## Data
= = =

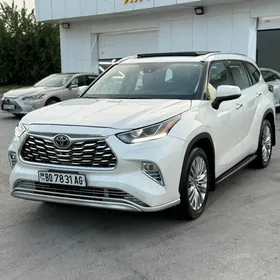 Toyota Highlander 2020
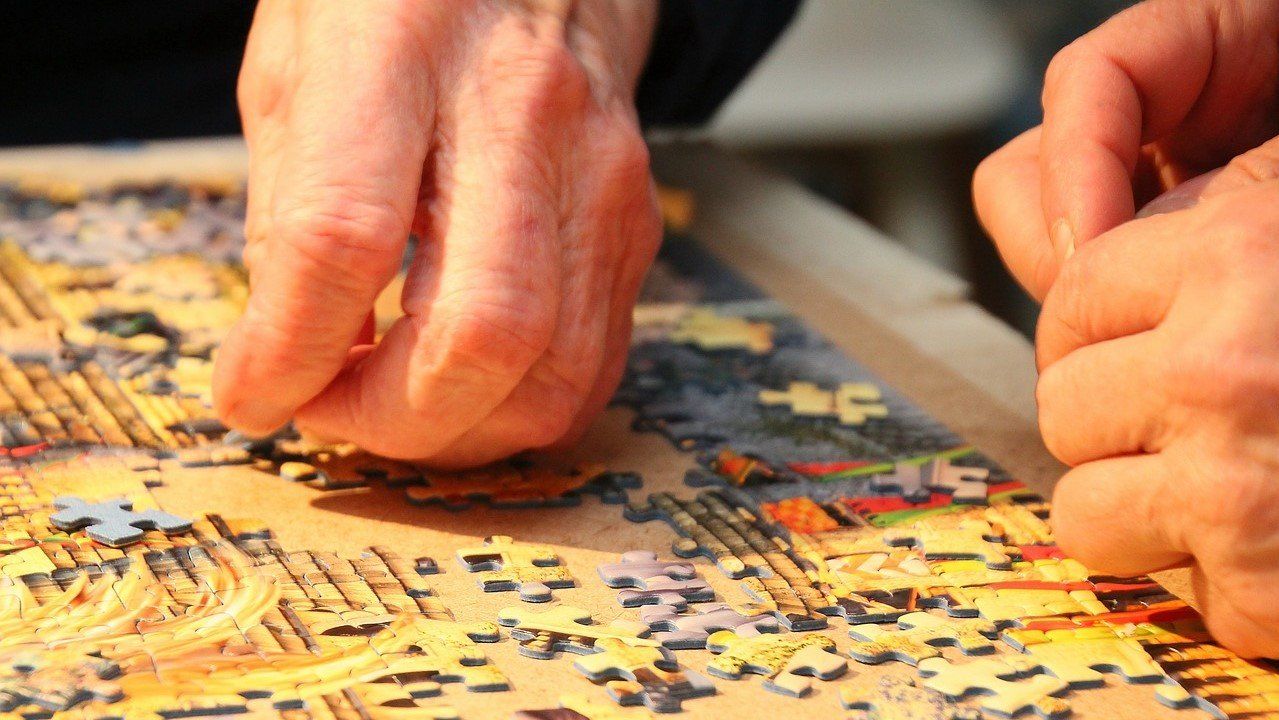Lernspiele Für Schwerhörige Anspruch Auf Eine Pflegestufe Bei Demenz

= = =

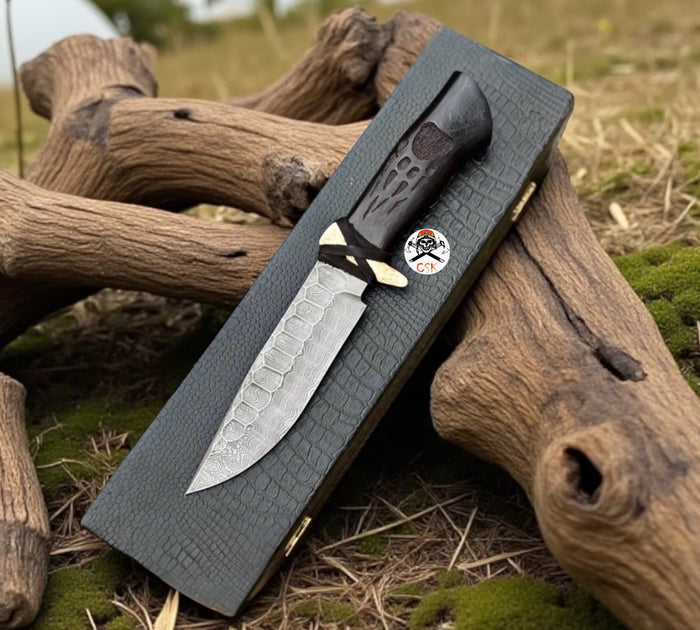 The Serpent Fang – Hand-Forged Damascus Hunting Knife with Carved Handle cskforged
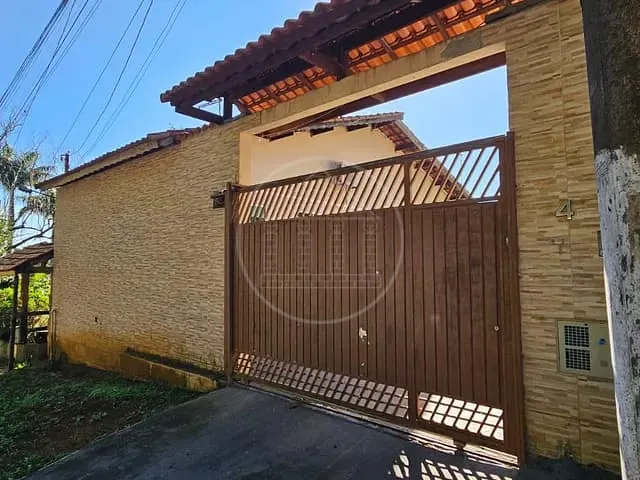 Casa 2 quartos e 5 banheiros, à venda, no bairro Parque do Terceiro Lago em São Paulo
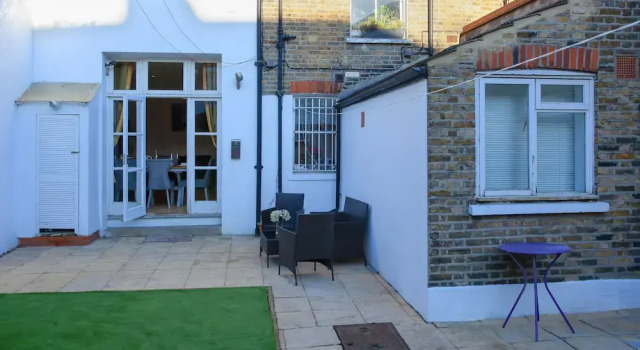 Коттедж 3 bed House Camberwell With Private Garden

= = =

## Task instructions
Return exactly the stretch above whose first line contains "Toyota Highlander 2020" and whose last line contains "Lernspiele Für Schwerhörige", and nothing outside it. The pictures should not appear.

## Solution
 Toyota Highlander 2020
Lernspiele Für Schwerhörige Anspruch Auf Eine Pflegestufe Bei Demenz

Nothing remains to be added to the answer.